Это второе течение придавало еще большую остроту французскому национализму. Его представители боялись, что существующий режим будет не в состоянии даже восстановить страну, не сможет гарантировать реванш. Они испытывали страх перед тем, что парламентаризм не способен дать достойный ответ на вызов в области демографии — по сравнению с Германией Франция обезлюдела — и экономики, не в состоянии восстановить жизнестойкость страны. Этот подход впервые провозгласил генерал Буланже: «Нечего делать за пределами страны, пока не будет излечена Франция. Наша страна — это больной, ослабевший человек, которому нужно всестороннее лечение. Прежде чем возвращать Эльзас-Лотарингию, нужно вновь обрести Францию. Да, в настоящее время нам прежде всего необходимо правительство, а не сборище обезумевших марионеток» (1888).

Таким образом, патриотизм такого рода оказывался направленным против государственных институтов.

Его отстаивал поэт Поль Дерулед, им руководствовались радикальная партия и даже такой старый коммунар, как Анри Рошфор.

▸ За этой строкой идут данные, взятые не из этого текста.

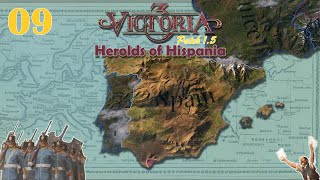 Victoria 3 Patch 15  Ep 09 Freedom for All  Heralds of Hispania [upl. by Paola987]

Во главе с Жоржем Буланже сформировалась национальная партия, которая в атмосфере финансовых и других скандалов потребовала «большой чистки». Назначенный военным министром, а затем неоднократно побеждавший на выборах с программой «роспуска, созыва учредительного собрания, пересмотра», «храбрый генерал» Буланже вызывал энтузиазм. Вечером 27 января 1889 г. толпа вынудила его совершить марш к Елисейскому дворцу. Избегая риска, он предпочел дождаться осенних выборов, а затем, охваченный сентиментальным приключением, уехал к своей тяжело больной любовнице к Бельгию. Вскоре она умерла, и Буланже 30 сентября 1891 г. покончил жизнь самоубийством на ее могиле.

Буланжистский эпизод не был долгим, однако именно тогда родилась и начала развиваться идея спасителя, некой национальной партии, объединяющей правых и левых. Позднее ее будет отстаивать Шарль Моррас, олицетворяющий «интегральный национализм», который объединит вокруг себя всех антидрейфусаров и объявит войну демократии, восхваляя возвращение к «наследственной, традиционной, антипарламентской и децентрализованной» монархии. Он превозносил нацию выше всех политических реальностей и выше всех учреждений, которые обеспечивают ее существование. Моррас считал, что реальная власть перешла в руки «четвертого сословия», «заговорщиков, поголовно имеющих заграничное происхождение, — сословия евреев, метеков[154], масонов и протестантов».

С 1905 г. и в еще большей степени с 1911 г. германская угроза сближает эти две ветви национализма. Принимая во внимание патриотизм, воодушевлявший интернационалистов, социалистов и анархистов, которые желали мира, но готовы были поддержать и войну, легко понять, как в 1914 г. по первому же зову трубы образовалось реваншистское по своему характеру правительство «священного единения».